**Task brief**
Your task is to return, word for word, only the lines from the line with "SEASIDE GARDENS - Residential" through the close of the data. Exclude all pictures.

**Data**
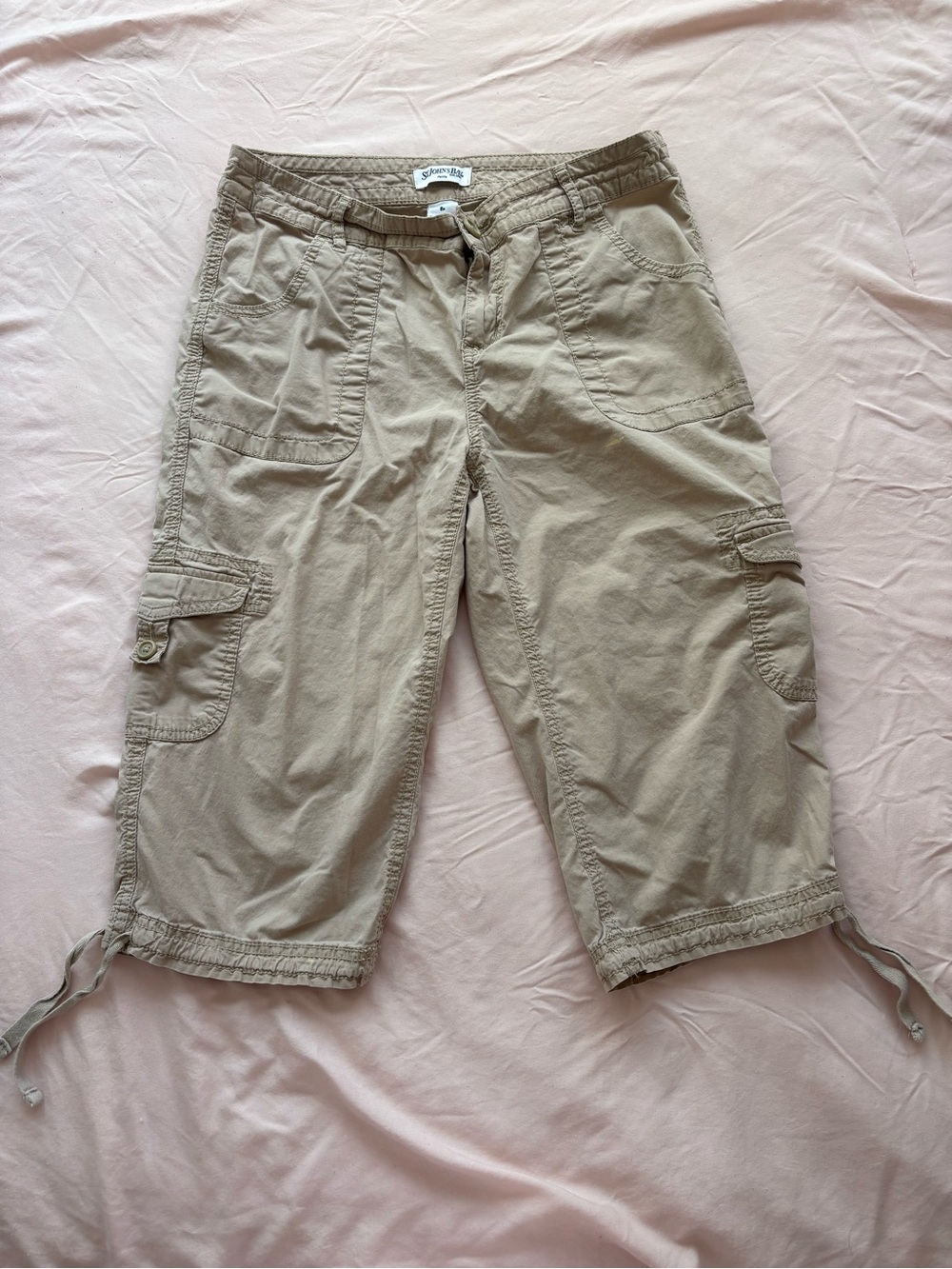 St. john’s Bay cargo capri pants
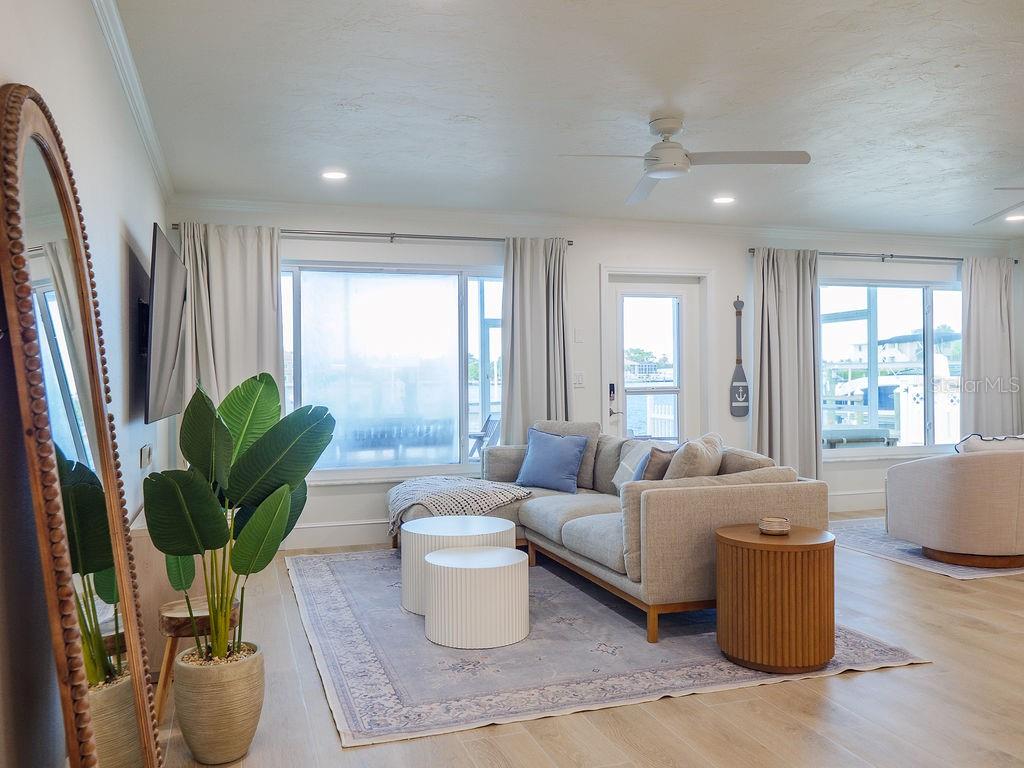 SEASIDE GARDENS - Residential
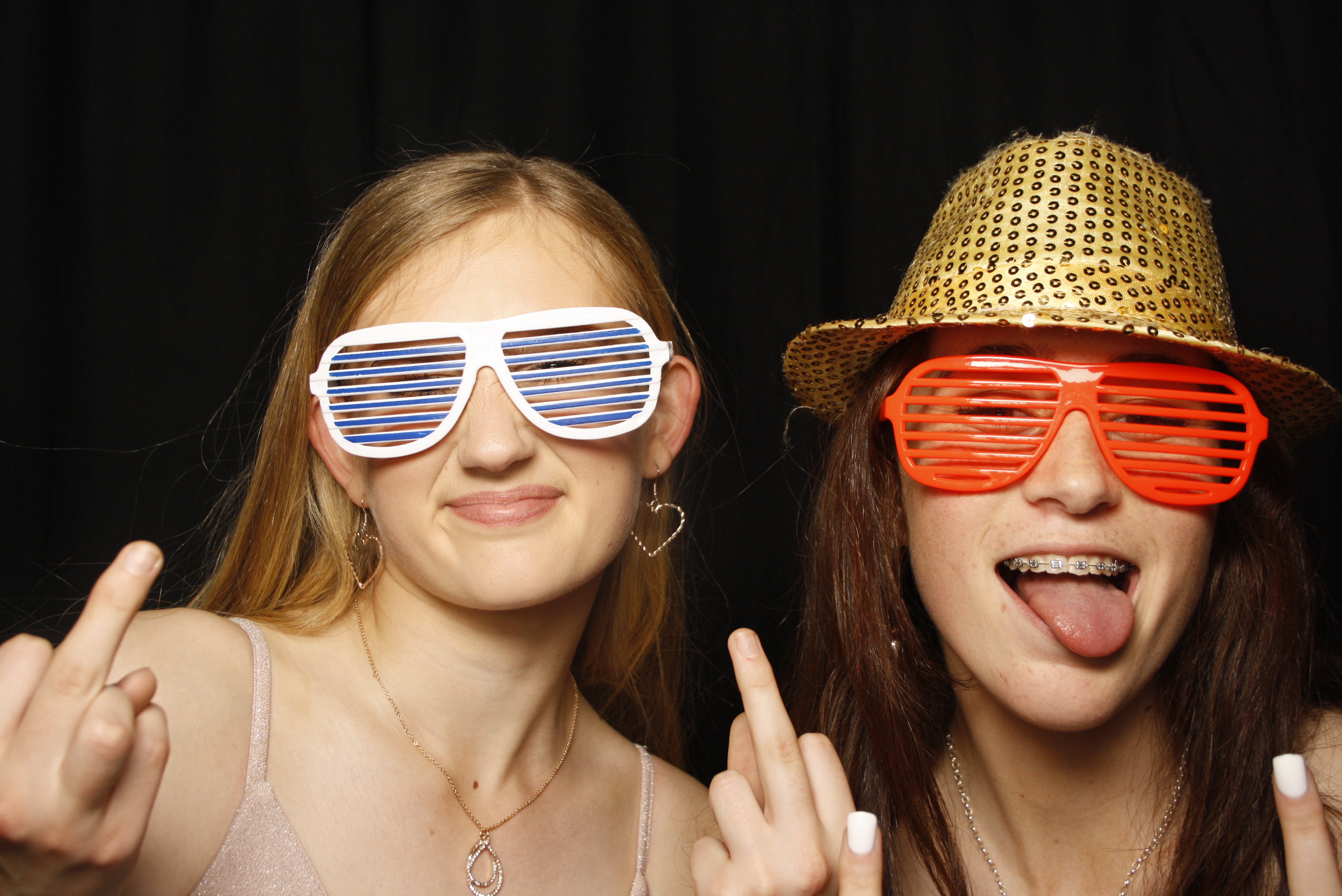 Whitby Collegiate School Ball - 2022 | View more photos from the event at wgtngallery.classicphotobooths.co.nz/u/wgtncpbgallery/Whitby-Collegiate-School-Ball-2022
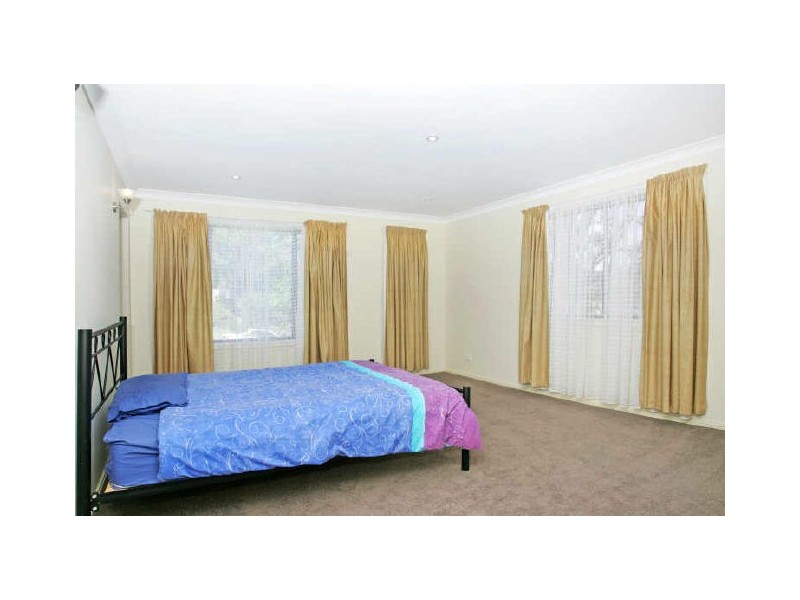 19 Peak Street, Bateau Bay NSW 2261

**Your response**
 SEASIDE GARDENS - Residential
 Whitby Collegiate School Ball - 2022 | View more photos from the event at wgtngallery.classicphotobooths.co.nz/u/wgtncpbgallery/Whitby-Collegiate-School-Ball-2022
 19 Peak Street, Bateau Bay NSW 2261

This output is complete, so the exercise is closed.